PNL: Espejismo para ejecutivos

Fuente: El Ojo Escéptico. Órgano de difusión de la Fundación CAIRP.

El discurso de los caza-incautos se perfecciona y cada vez dice cosas más interesantes. Ahora es la programación neurolingüística (PNL). ¿Qué es eso? ¿Una variante más del neo chamanismo o una fábula transcientífica? La alarma suena cuando descubrimos que la neurolingüística es rehén inocente de una legión de psicoprogramadores que retoman un verso ya añejo con pretensiones de nueva psicoterapia.

La programación neurolingüística (PNL) pretende ser un sistema de procedimientos y modelos para incrementar la eficacia de nuestra comunicación e influencia sobre la gente. Debido a que la PNL es el resultado de una mezcolanza teórica formidable (toma elementos de la hipnosis médica, de la terapia familiar, de la corriente sistémica, del psicoanálisis, de la terapia gestáltica, y de la terapia del comportamiento) es eminentemente pragmática: busca resultados sin importarle una teoría que los sustente y explique. Tal teoría es imposible e incómoda: debería aglutinar corrientes contrapuestas, aparte del hecho previo fundamental de que los resultados fueran positivos, esto es, que la PNL fuera eficaz.

Como postulados básicos, la PNL se refiere a los sistemas de representación, sistemas que poseería una persona y que podrían ser visuales, auditivos, o kinestésicos, de acuerdo a la forma que se representara internamente el mundo exterior o los elementos externos e internos con los que se involucre. Así, sostiene que hay gente que tiene preferencia por lo visual: se expresa en términos visuales (“veo que la situación es tal”), describe las cosas apelando a imágenes visuales (“me hizo ver las estrellas”), etc. De modo que cada uno tendría un sistema representacional preferido (SRP).

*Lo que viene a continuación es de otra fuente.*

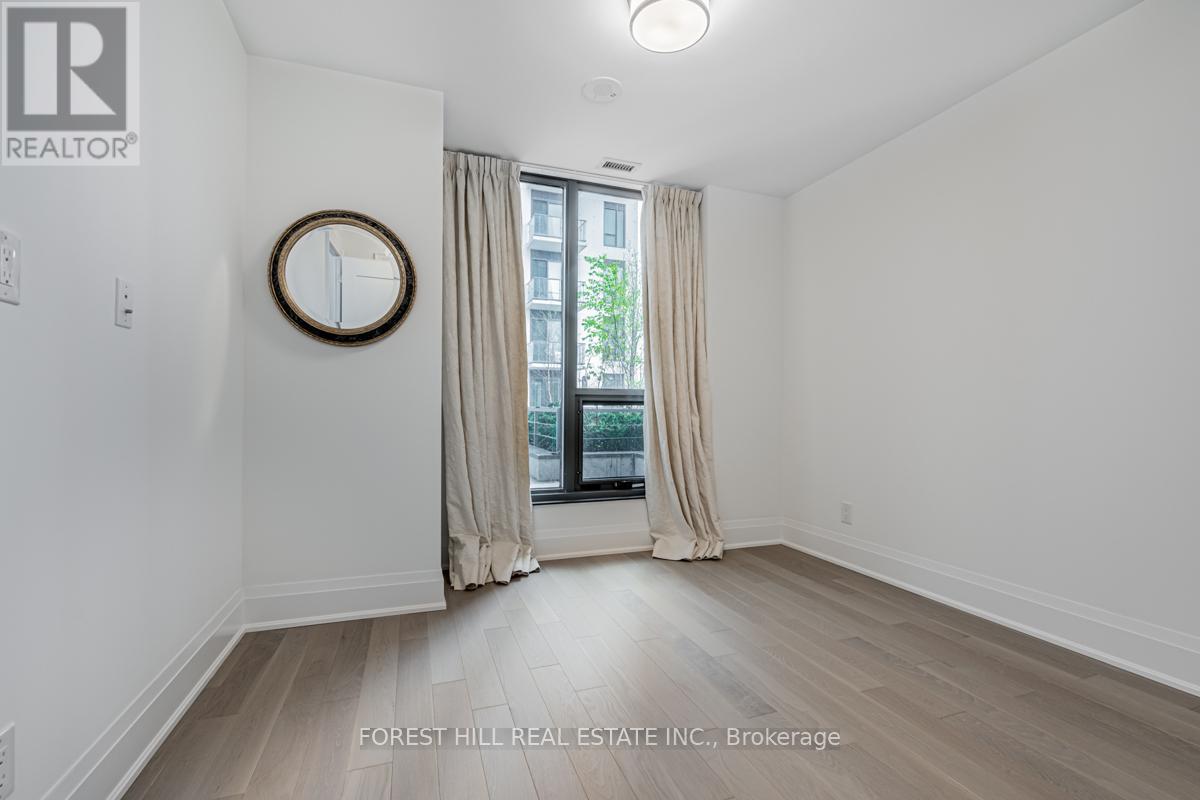 201 - 280 HOWLAND AVENUE Toronto (Annex), ON M5R 0C3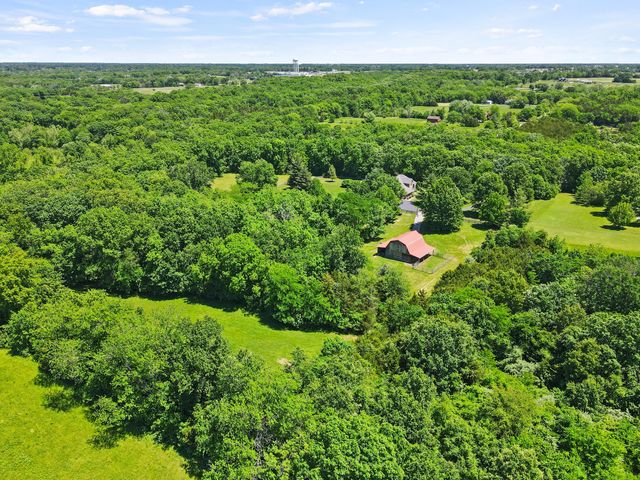4700 E DEER NOLL RD, Columbia, MO 65201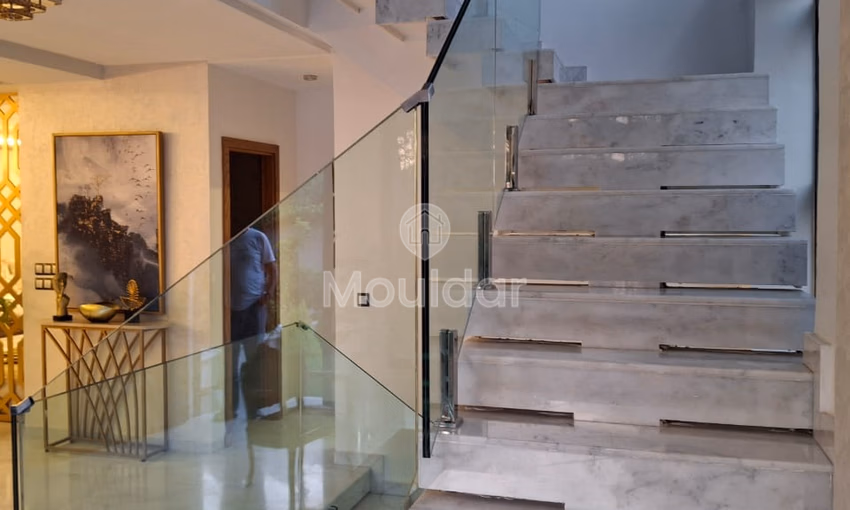 استأجر فيلتنا الفسيحة في طنجة: 6 غرف في بوبانا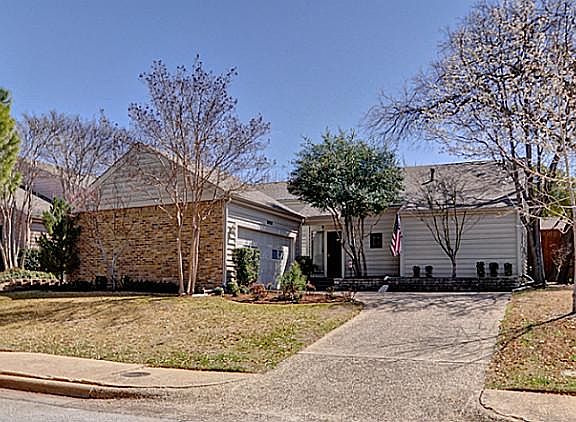 2nd image of 16908 Davenport Ct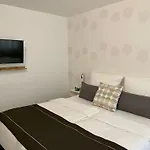 Apartamento Moderne 2-zimmer By Interhome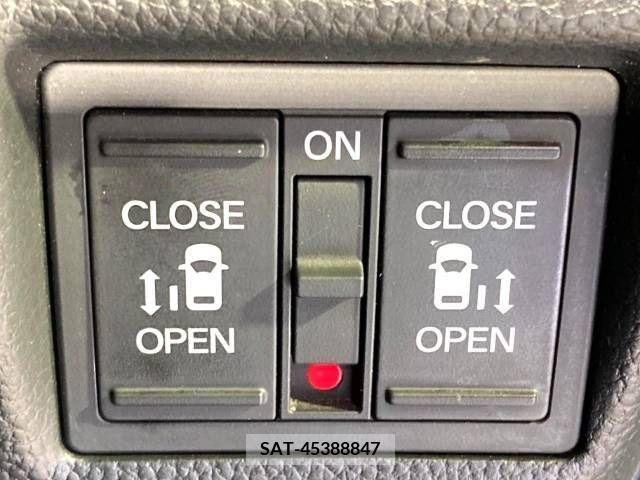 Honda N BOX CUSTOM 2021-05 336238-4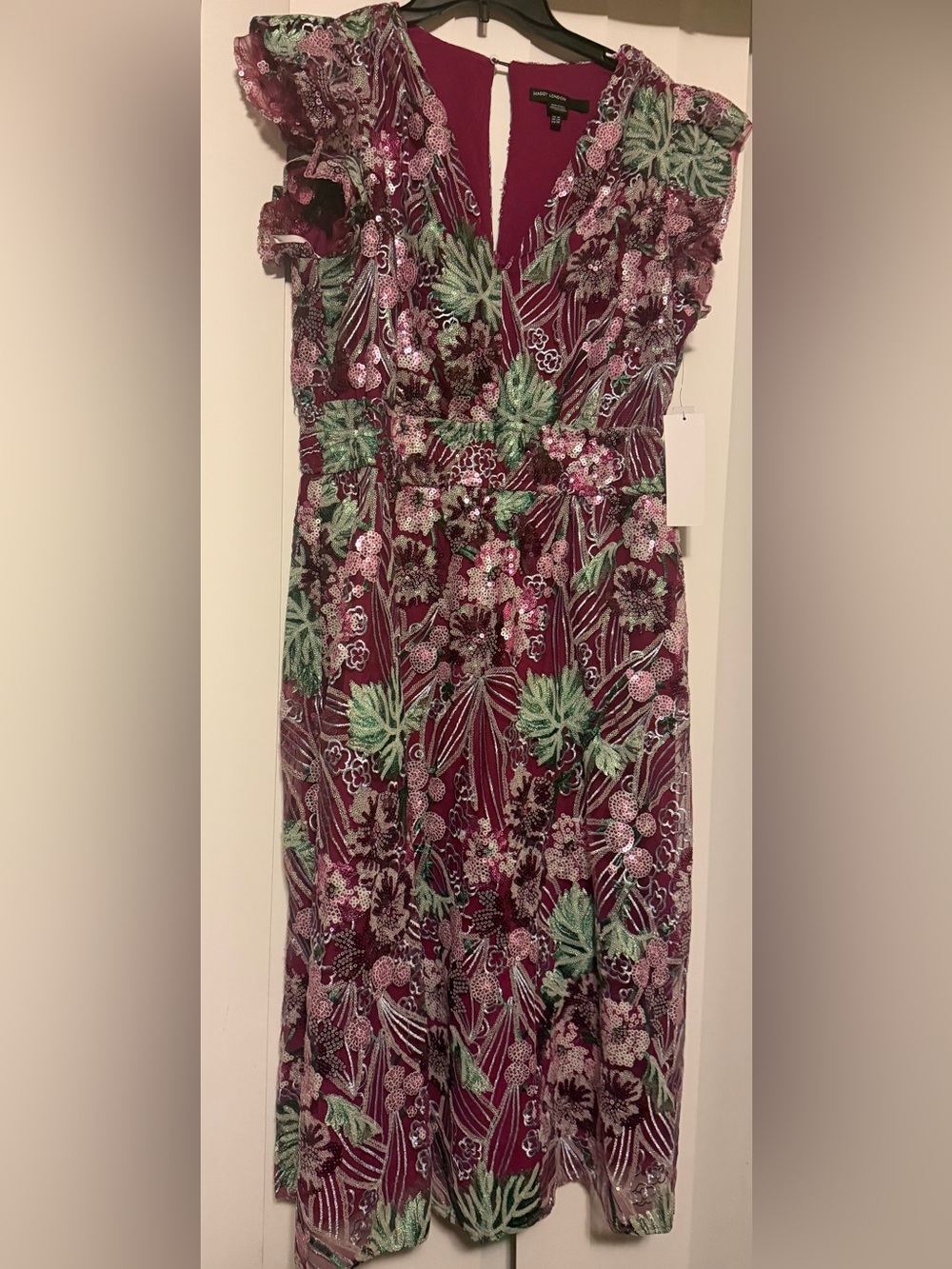 Maggy London purple sequins size 16 Women's Floral Ruffle V-Neck Dress-NWT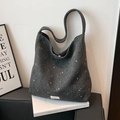 Grand sac cabas en feutre gris foncé avec motif d'étoiles blanches et bandoulière - Noir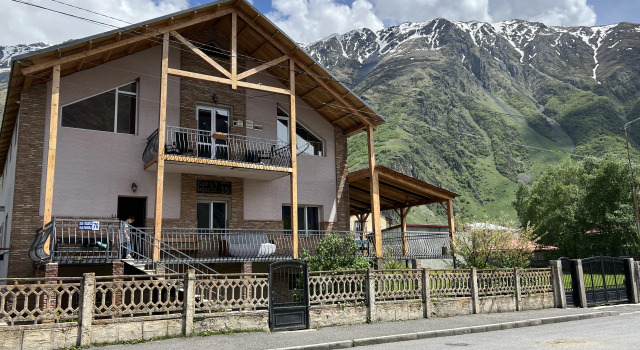 Guest House 15, Book Guesthouse Stepantsminda Kazbegi Municipality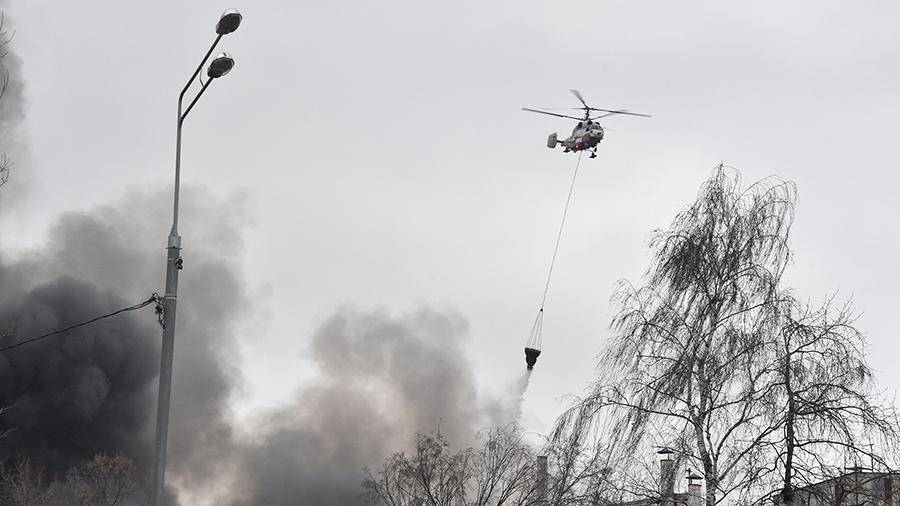 Три вертолета направлены к месту крупного пожара на северо-западе Москвы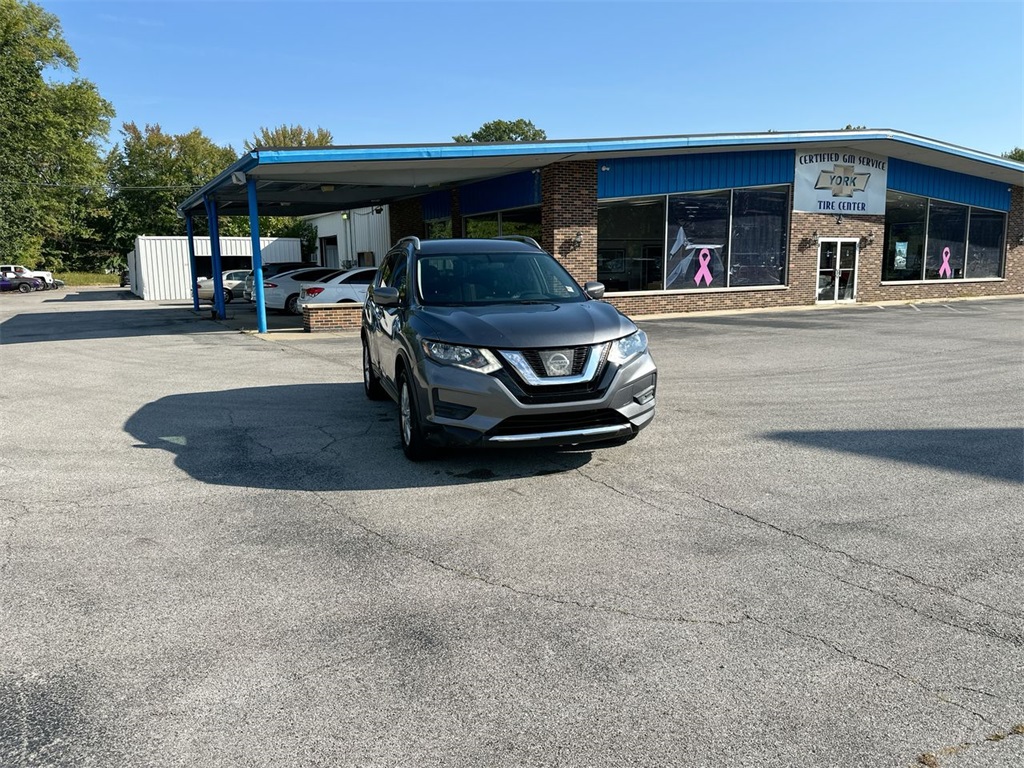 2017 Nissan Rogue SV photo 21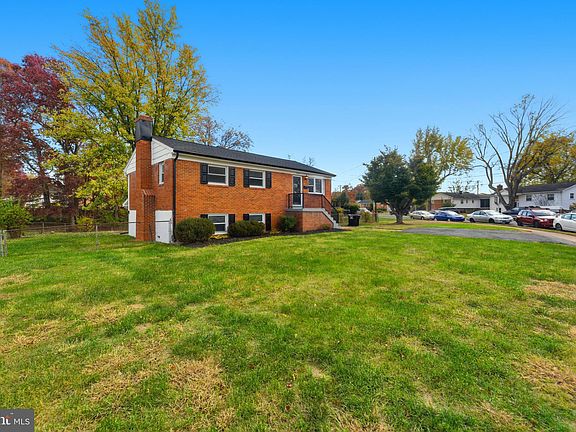 3rd image of 9929 Loudoun Ave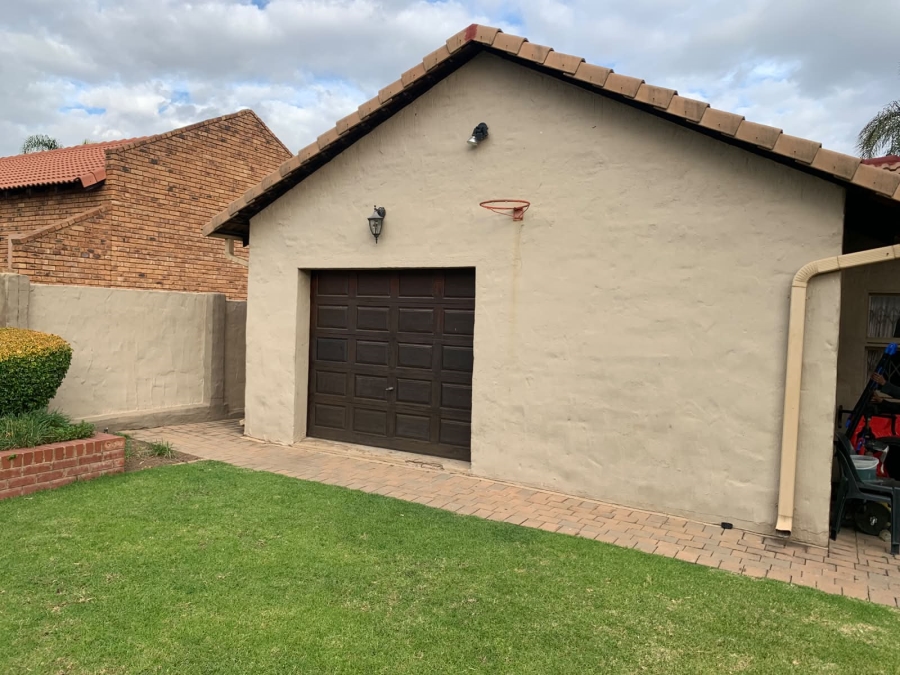 4 Bedroom Property for Sale in Amberfield Ridge Gauteng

Por otro lado, afirma que fijándonos atentamente en el SRP de una persona y adaptándonos a él, podemos influir en su comportamiento a la vez que logramos una mejor comunicación. ¿Cómo sabemos cuál es el SRP de Fulano? Aquí la PNL comienza a trastabillar: dicen que existen seis sistemas de representación (ver Azcoaga, en este mismo número).

Pero lo más interesante –y se agrava la pendiente– es que se presupone que estos seis sistemas están correlacionados con el movimiento de los ojos y con la postura corporal –aunque luego se agregaron la voz y la respiración (ver Fig. 1). ¿Quiere decir esto que si uno mira hacia arriba, a la derecha, está evocando imágenes visuales? Sí, y siguiendo estos movimientos nos enteramos del SRP de Fulano. Pero hay una observación: aunque Fulano tenga un SRP visual esto sólo indicaría que predomina ese sistema, sin perjuicio de que puede utilizar otros (Cudicio,1991). Esto se parece mucho a “si sale cara gano yo, si sale seca perdés vos”.

Siguiendo este esquema simple (los partidarios de la PNL nos tratarán de reduccionistas) el tipo visual mantendría una postura rígida, con movimientos oculares hacia arriba, respiración superficial y rápida, voz aguda y entrecortada, utilizando palabras visuales. El tipo auditivo mantendría una postura distendida, de “escucha telefónica”, respiración amplia, voz bien timbrada a mediano ritmo, usando palabras auditivas. Y el tipo kinestésico mantendría una postura muy distendida, con movimientos que “miman” (?) las palabras, respiración profunda, voz grave, con ritmo lento y pausas, apelando a las sensaciones cuando elige las palabras (Cudicio, 1991).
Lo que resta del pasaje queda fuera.